Speaking of which HE'S A BUTTERFLY I CAN'T BELIEVE I DIDN'T CATCH THIS. The emblem of self-evolution refuses his own most obvious theme. As well as the thematic foundation of the Ants' whole deal: they are what they eat. Everything they consume changes them. (How like life?) Shaiapouf stands at his own place in evolutionary history and looks back with contempt and forward with fear.
I thought about a story from Ted Chiang in Exhalations, in which he explores the consequences of technology on cognition. Delightfully, the story takes on the question of "technology" as broadly as possible: not merely scifi-appropriate memory implants but also writing itself. How are we to deal with changes to human experience?
The section of Anna Karenina I'm currently reading is about evolution writ much smaller... Anna has revealed her infidelity to her husband.
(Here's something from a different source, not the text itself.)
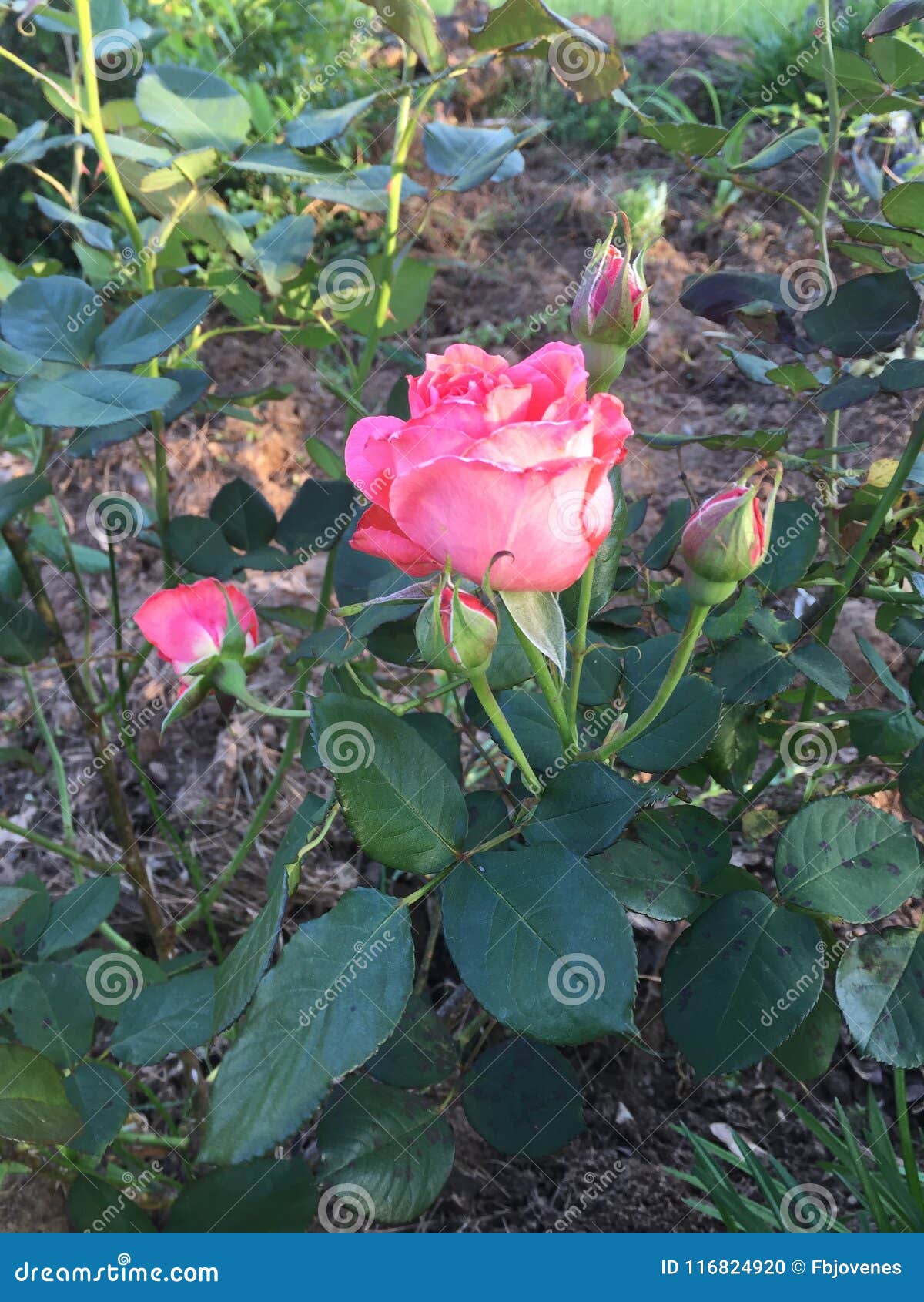 A Fresh Rose from Rural East Texas Stock Photo Image of glancing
She imagines that this will break the chrysalis of a new life for her, but Alexey swiftly puts the cat back in the bag, and Anna cannot seem to resolve to actually shatter her own life. Change is terrifying! Levin, too, is also (though a little more comically, to my mind, because of the repetition of his reversals) yearning for something else and continually resolving to exchange his life for one aligned with his values. Also scary! He's a little silly but very sympathetic, in this regard, especially when his brother shows up both to remind him of the bourgeouis values he's explicitly rejecting and also to chastise him directly for the concessions he's already made to break away from those values. Self-determination invites resistance.
I am also reading Madame Bovary, and have watched the first 3 episodes of Severance. Both of these things are partially about how soul-crushingly boring it is to be alive when one is lonely and stuck.